Development of a rational design methodology for precast concrete slender spandrel beams: Part 1, experimental results

Abstract

This paper summarizes test results of an extensive experimental program undertaken to develop a rational design procedure for precast concrete slender spandrel beams. Experimental research findings presented in this paper are used to propose a rational design procedure that will be presented in a forthcoming companion paper. The research introduced significantly simplified detailing requirements for the end regions of precast concrete slender spandrel beams. Such regions are often congested with heavy reinforcing cages when designed according to current procedures. In total, 16 full-scale precast concrete spandrel beams were tested to failure to study the limit state behavior. Each specimen was loaded through full-scale double-tee deck sections to mimic typical field conditions. Three of the specimens were designed and detailed with closed stirrups, according to current practice, and served as controls for the experimental program. The remaining thirteen specimens were designed with various configurations of open web reinforcement.
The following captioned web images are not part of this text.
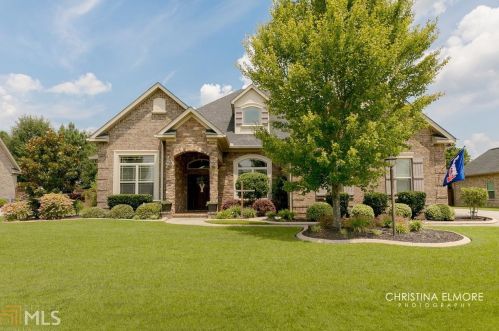 160 Abercorn St, Warner Robins, GA 31088-6782
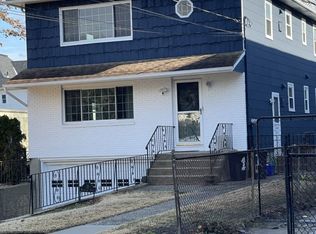 31 Roosevelt Pl, Rockville Centre, NY 11570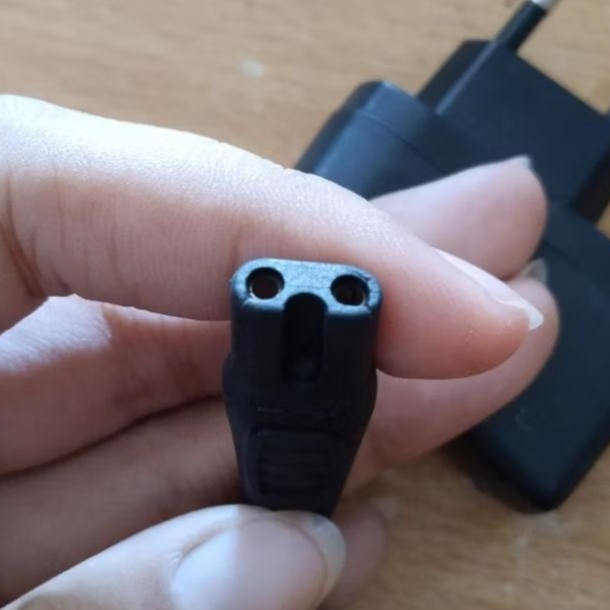 Charger Senter 2lobang Charger Senter Jack 8/Adaptor jack 8/Casan Blor/Charger 2 lubang/Cas Senter K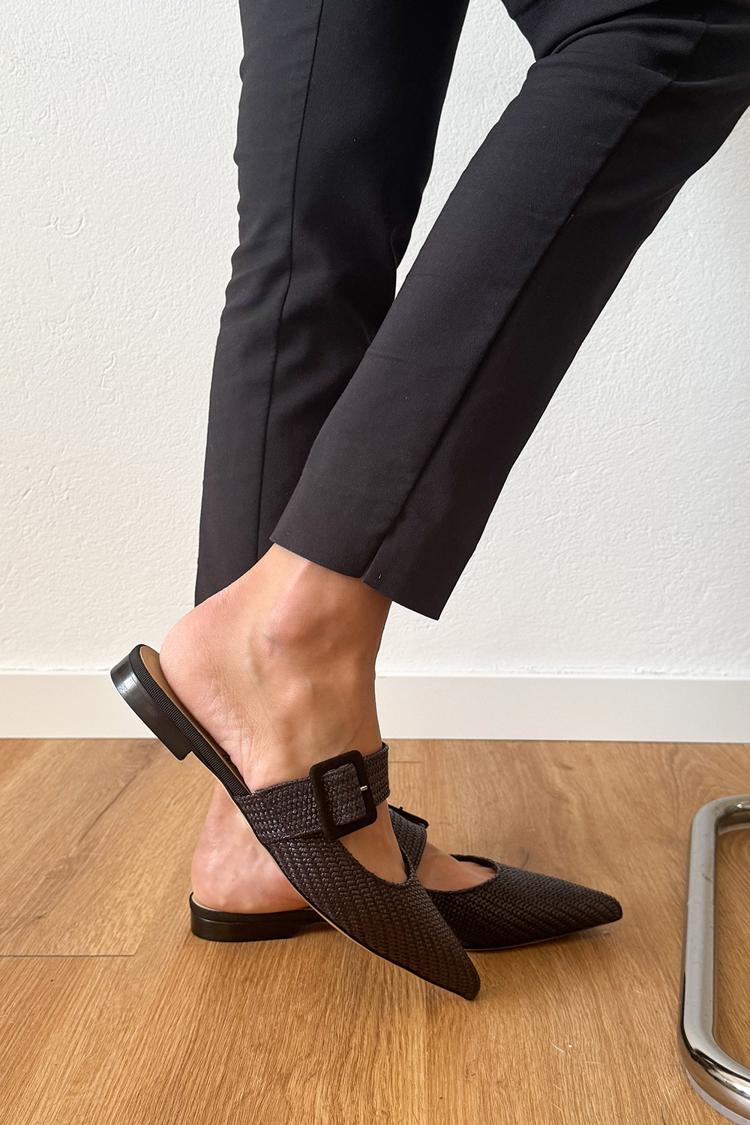 Scarpe basse nere con punta a punta, cinturino con fibbia sul collo del piede e tinta unita [Pre-ordine]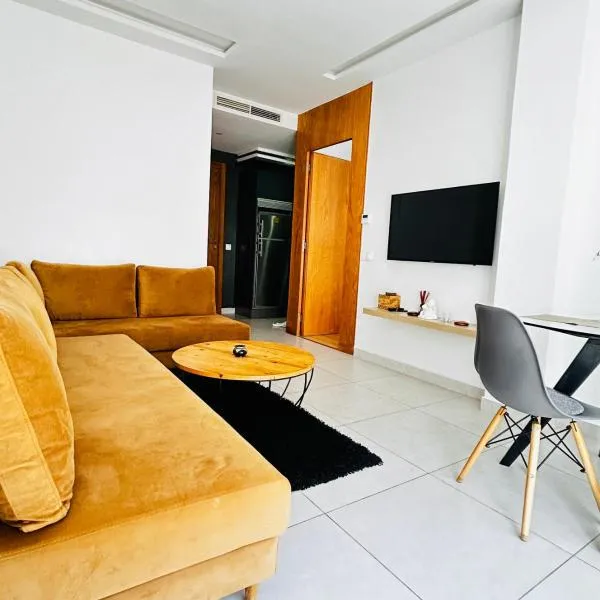 Appartement de charme terrasse parking, hotel v destinaci Casablanca
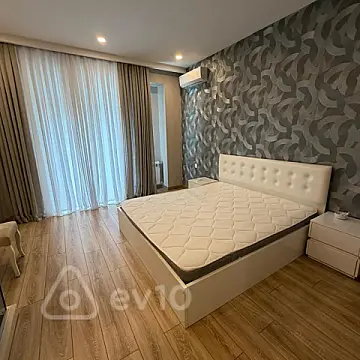Kirayə verilir 4 otaqlı yeni tikili 190 m²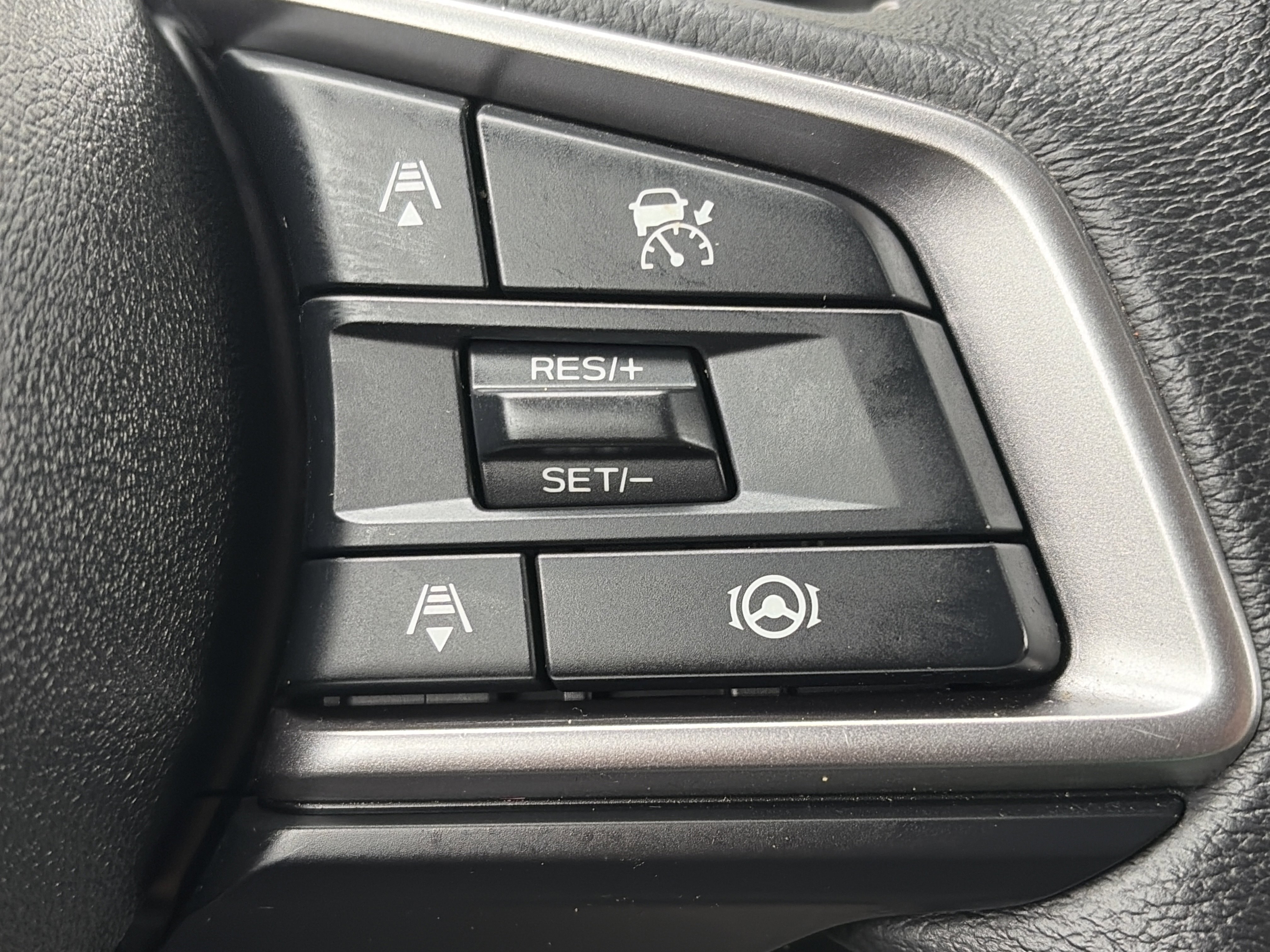 Certified 2023 Subaru Ascent Premium w/ Convenience Package AWD/4WD image 18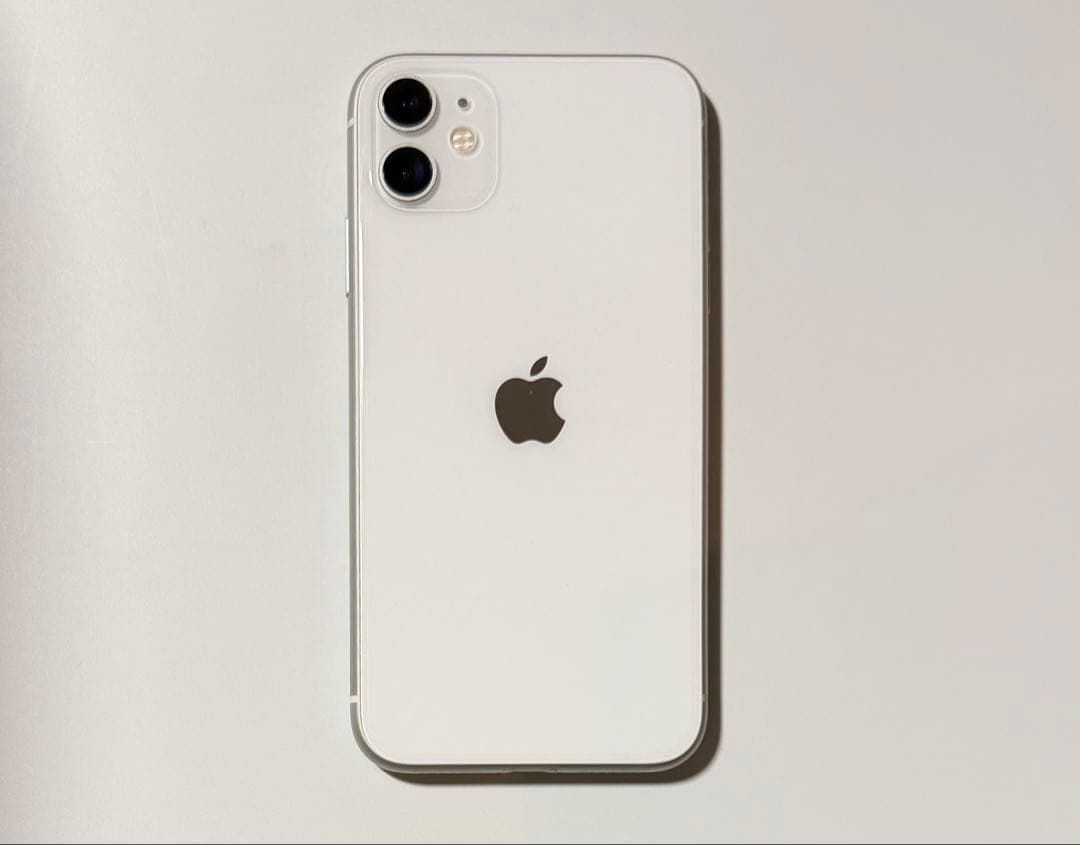 Apple iPhone 11 ホワイト 本体 128GB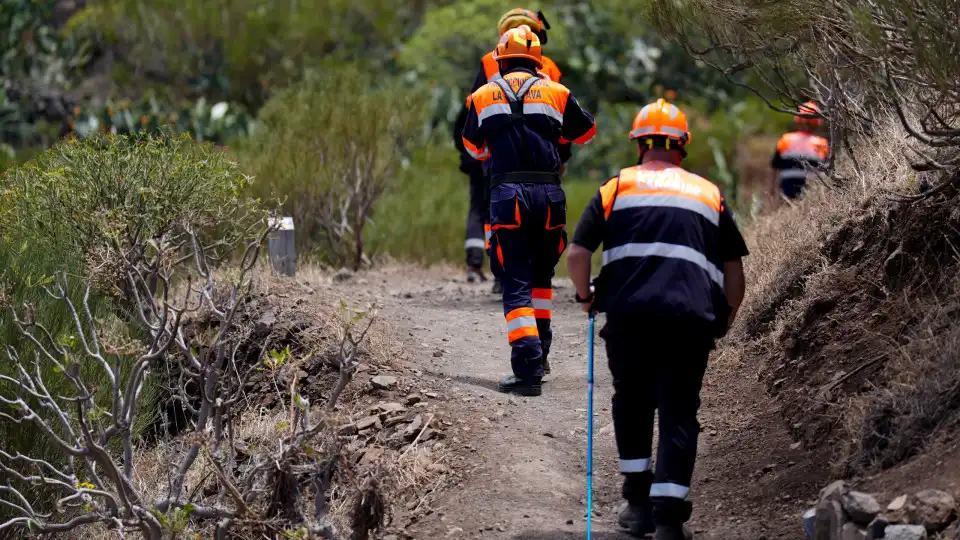 Um morto e um ferido grave em queda de avião de treino em Espanha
Several specimens were specially configured with flexural, ledge/corbel, and hanger reinforcement in excess of what would be provided in a normal design. The enhanced reinforcement helped to delay typical midspan and local failure modes and allowed for observation and study of failure modes in the end region. The experimental results, combined with the analytical results and rational modeling in the companion paper, demonstrate that properly designed open web reinforcement is a safe, effective, and efficient alternative to traditional closed stirrups for precast concrete slender spandrel beams that have an aspect ratio of 4.6 or greater.